Postcards

Rome by the sea

Carla Diamanti
19 marzo 2015

150319 Cartolina

Il buio arriva veloce, rosicchiando ogni giorno un pezzetto di luce. E man mano che le lancette avanzano, il mare si confonde con il cielo fino a diventare una grande chiazza scura che ingoia anche le distese di sabbia.

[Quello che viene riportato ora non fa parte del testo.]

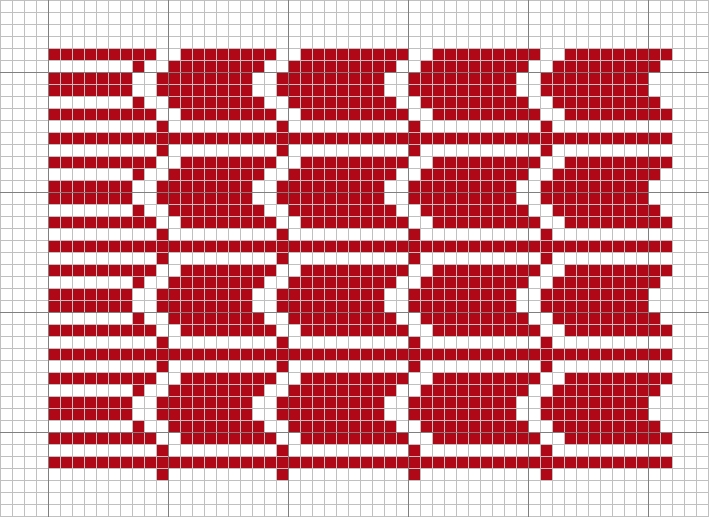 Chart of a ‘Tall Palm’ or ‘Ears of wheat’ motif from the Ramallah region.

Da lontano i monti della Tolfa stagliano le loro sagome scure mentre il fresco vento salmastro riempie le narici e Civitavecchia sembra quasi inciampare ai loro piedi. Silenziosa durante i mesi che precedono le lunghe file di auto con il muso puntato verso la Sardegna, ha una lunga tradizione portuale, iniziata ai tempi di Apollodoro di Damasco che disegnò il primo approdo, diventato poi quello più importante dello Stato Pontificio. L’inverno le regala un fascino particolare, forse per via di quel litorale spazzato dal vento che sembra aver portato via anche la confusione, le voci e gli ombrelloni colorati, restituendola soltanto al mare. Tra le centinaia di antiche insenature che le dettero il nome di Centumcellae e Nettuno c’è il litorale romano, una sorta di libro di storia da sfogliare passeggiando sulla sabbia. Qui arrivarono le navi dei Cartaginesi, approdate a Santa Marinella quando si chiamava Punicum, qui ci sono le sabbie nere (ma anche i carciofi) di Ladispoli, intitolata al principe Ladislao Odescalchi. Ci sono i luoghi degli ozi di Nerone e dei ricchi patrizi tra cui l’imperatore Adriano. Ci sono poi gli approdi degli Alleati e quelli molto più antichi dei Saraceni che insegnarono alle donne la moda di vestirsi con tuniche corte fino alle ginocchia.

Di qua del mare il profumo della macchia mediterranea, verde anche quando l’inverno spoglia gli alberi che non sanno resistergli, aleggia su un paesaggio che ancora parla di storia e che abbraccia il suo patrimonio e la sua natura in una Riserva Naturalistica. D’inverno aspettate i pescatori che non si allontanano dalla costa per tutelare la biodiversità degli abissi e assaggiate il loro pesce “povero” cioè semplice. Apprezzato anche dai protagonisti della Dolce Vita e dai volti noti di Cinecittà che, come antichi Romani, cardinali e pontefici, amavano trascorrere da queste parti i loro fine settimana golosi del piatto più famoso della gastronomia locale: bruschetta e telline.